As survey results are published on how safe Liverpool city centre feels on a night out, Getintothis’ Chris Flack looks at the numbers and does a quick reality check.
It’s hard to know quite where my scepticism comes from, but for as long as I can remember I’ve often doubted official statistics, occasional elections and the vast majority of surveys, especially those connected to PR firms.
Take the kind of statistics that bombard you in the media, the kind where 89% of women prefer X Shampoo and where the producers of such adverts hope you miss the small print they’re required to provide at the bottom.
That small print will often highlight that the survey consists of almost entirely the twenty-three women in a mother and baby group in the suburbs of Sheffield who were given freebies by said PR firm and responded accordingly to their survey.

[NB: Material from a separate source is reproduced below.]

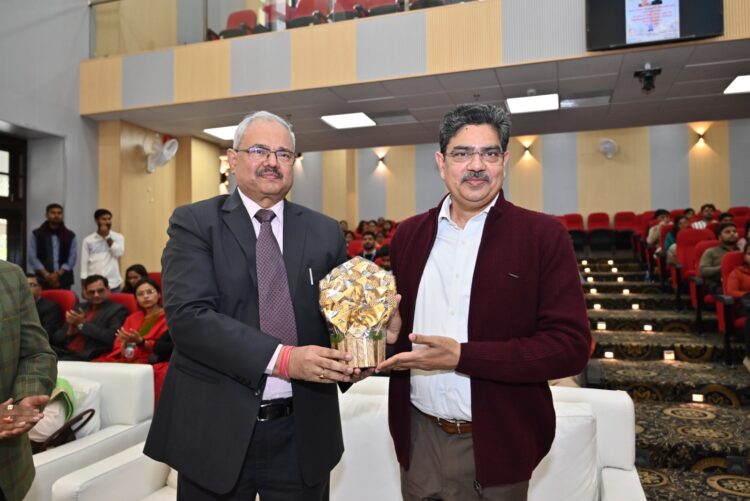 लखनऊ विश्वविद्यालय : “लौह पुरुष सरदार वल्लभ भाई पटेल एवं राष्ट्रीय एकता” विषय के अन्तर्गत प्रतियोगिकता का हुआ कार्यक्रम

For further evidence of dodgy numbers, you can do no better than to consider the outcome of the Liberian elections of 1927.
Yes, really.
In the presidential election, Charles D. B. King of the True Whig Party defeated Thomas J. Faulkner of the People’s Party with what was an astounding result. The election is considered one of the most rigged ever.
So rigged in fact, it makes it into the Guinness Book of Records as the most fraudulent election ever reported. With fewer than 15,000 registered voters, King received some 243,000 votes, Faulker received almost 9,000.
A remarkable outcome.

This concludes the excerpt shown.